The principal has good reason to be concerned whether the agent is likely to take actions that may not be in her best interests. Consequently, the principal has strong incentives to monitor the agent’s actions. However, since it is costly to closely monitor and enforce contracts, some actions can be “hidden” from the principal in the sense that she is not willing to expend the resources necessary to discover them since the costs of discovery may exceed the benefits of obtaining this information. Thus, moral hazard is often described as a problem of “hidden action”.

Since it is not economically feasible to perfectly monitor all of the agent’s actions, the principal needs to be concerned about whether the agent’s incentives line up, or are compatible with the principal’s objectives. This concern quickly becomes reflected in the contract terms defining the formal relationship between the principal and the agent. A contract is said to be incentive compatible if it causes principal and agent incentives to coincide. In other words, actions taken by the agent usually also benefit the principal. In practice, contracts typically scale agent compensation to the benefit received by the principal. Thus, in insurance markets, insurers are not willing to offer full coverage contracts; instead, they offer partial insurance coverage which exposes policyholders to some of the risk that they wish to transfer. In turn, partial coverage reinforces incentives for policyholders to prevent/mitigate loss.
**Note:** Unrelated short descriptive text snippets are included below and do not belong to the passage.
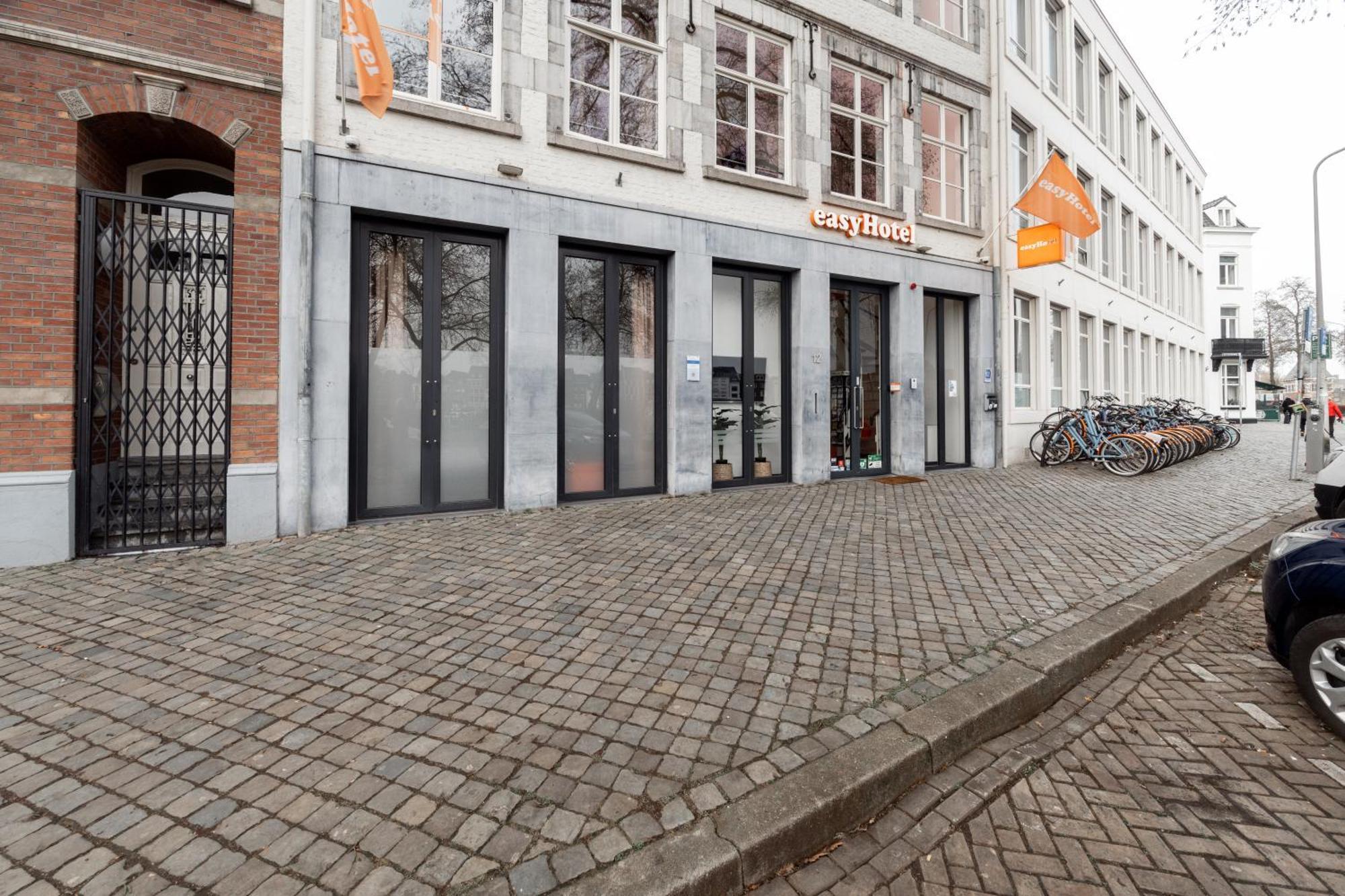 Easyhotel Maastricht City Centre Zewnętrze zdjęcie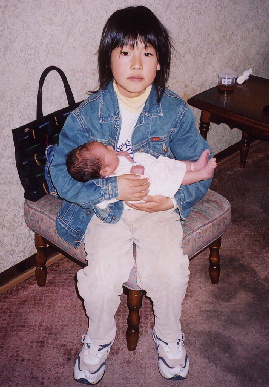 2005.3.28.moe1.jpg (71238 バイト)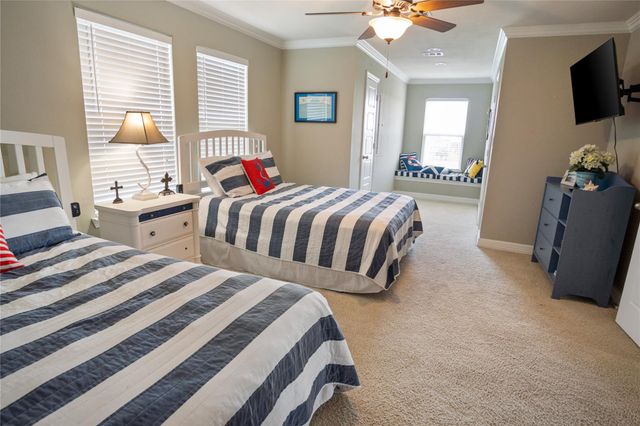 892 Melody Lane, Crystal Beach, TX 77650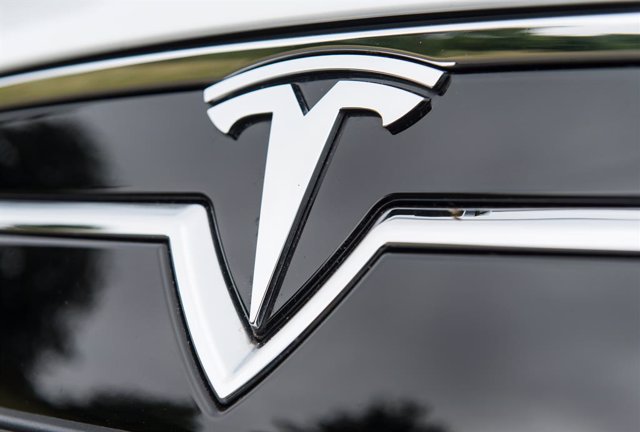 Archivo - FILED - 16 June 2015, Ebringen: Tesla's logo is pictured on a Model S car.  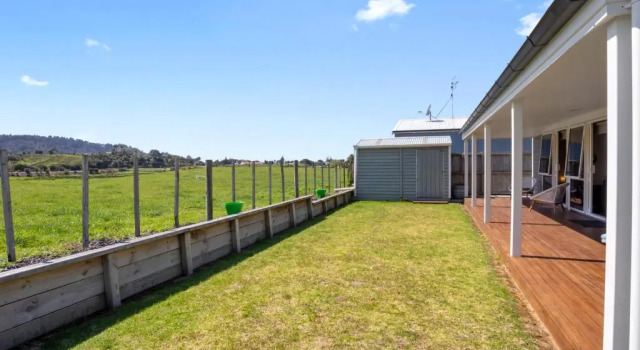 Sky Blue Retreat - Waihi Beach Holiday Home, Забронировать Отель Отели Вайхи-Бич с парковкой, Парковка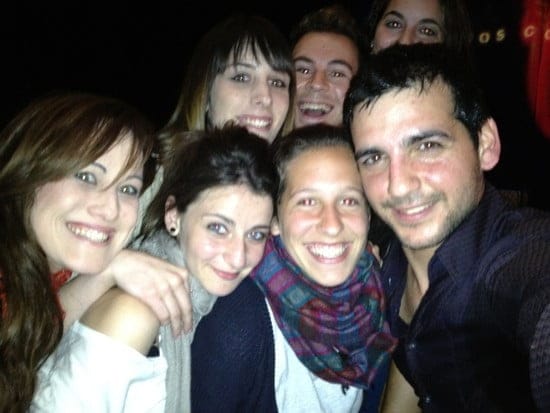 Fran Perea con unas fans durante el concierto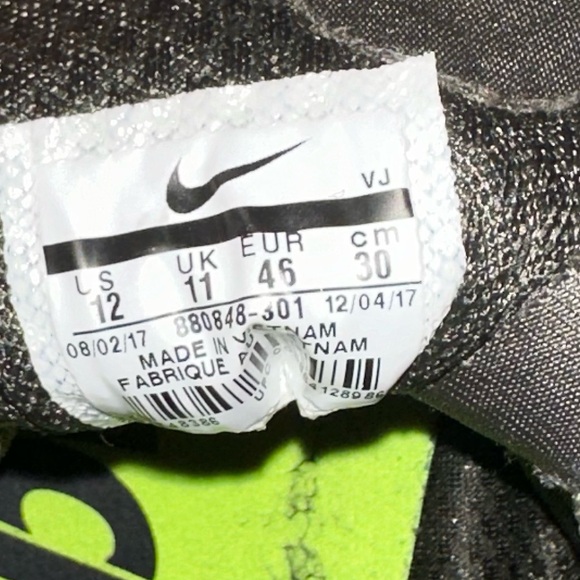 Men's | NIKE ZOOM FLY | Size 12 - Picture 2 of 4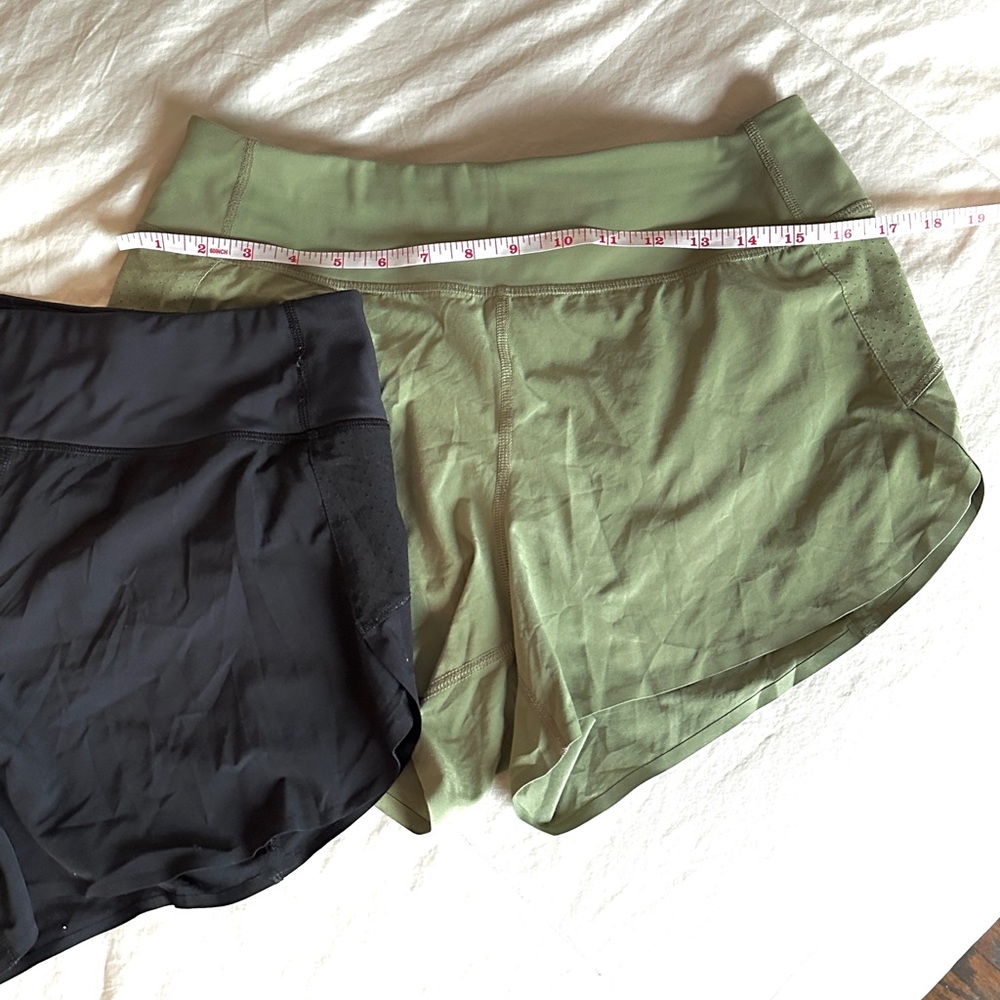 Athleta Run With It Shorts Black and Green Size Small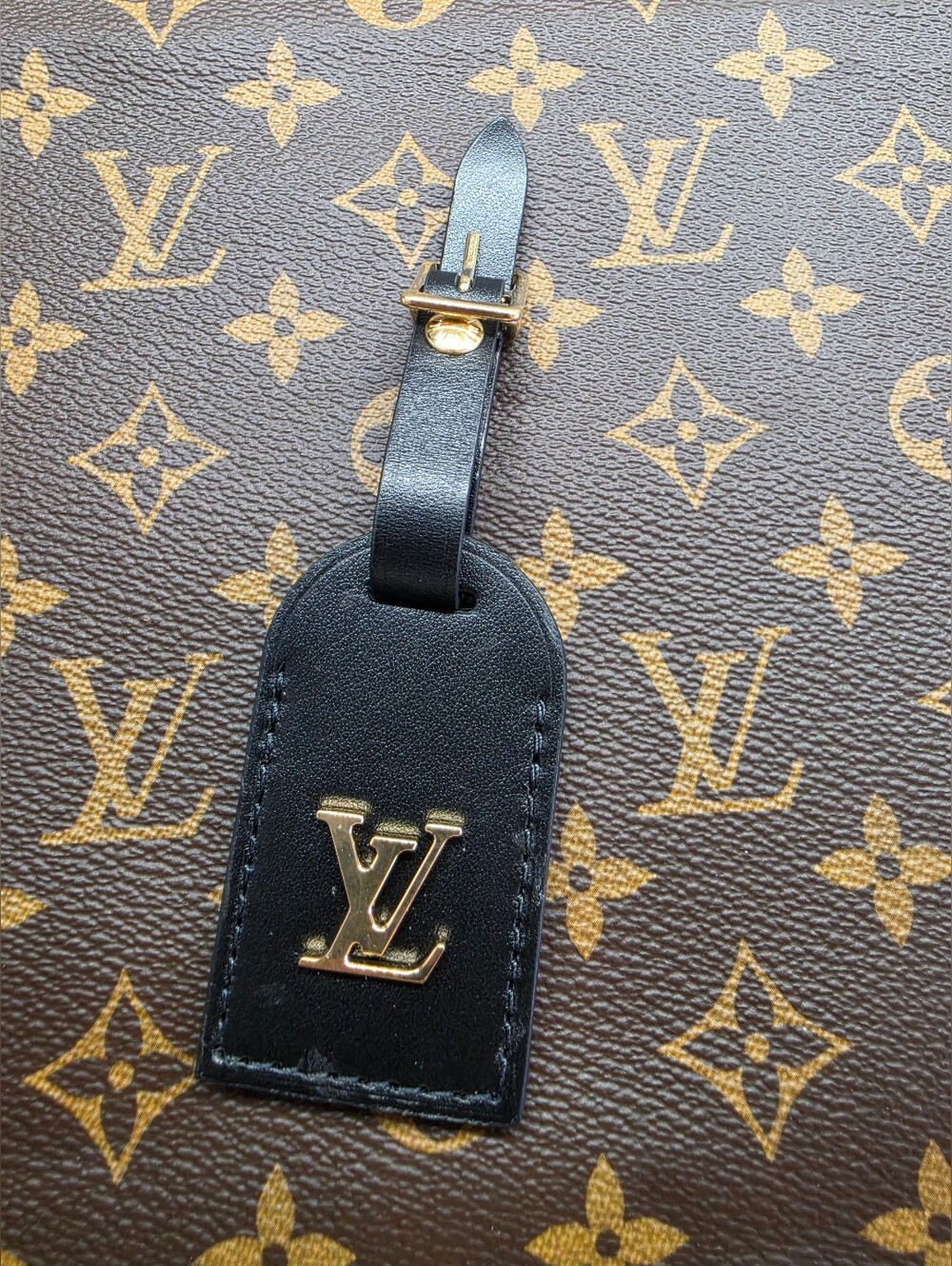 Louis Vuitton Black Leather Luggage Tag with Gold LV Emblem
Similarly, in a completely different setting, consider the principal/agent relationship which exists between the owner and manager of a business. If the manager’s effort level is high, then the owner may earn higher profits compared with when the manager’s effort level is low. However, if managerial pay consists of a fixed salary and lacks any form of incentive compensation (e.g., bonuses based upon meeting or beating specific earnings targets), then the manager may be inclined to not exert extra effort, which results in less corporate profit. Thus, compensation contracts can be made more incentive compatible by including performance-based pay in addition to a fixed salary. This way, the owner and manager are both better off because incentives are better aligned.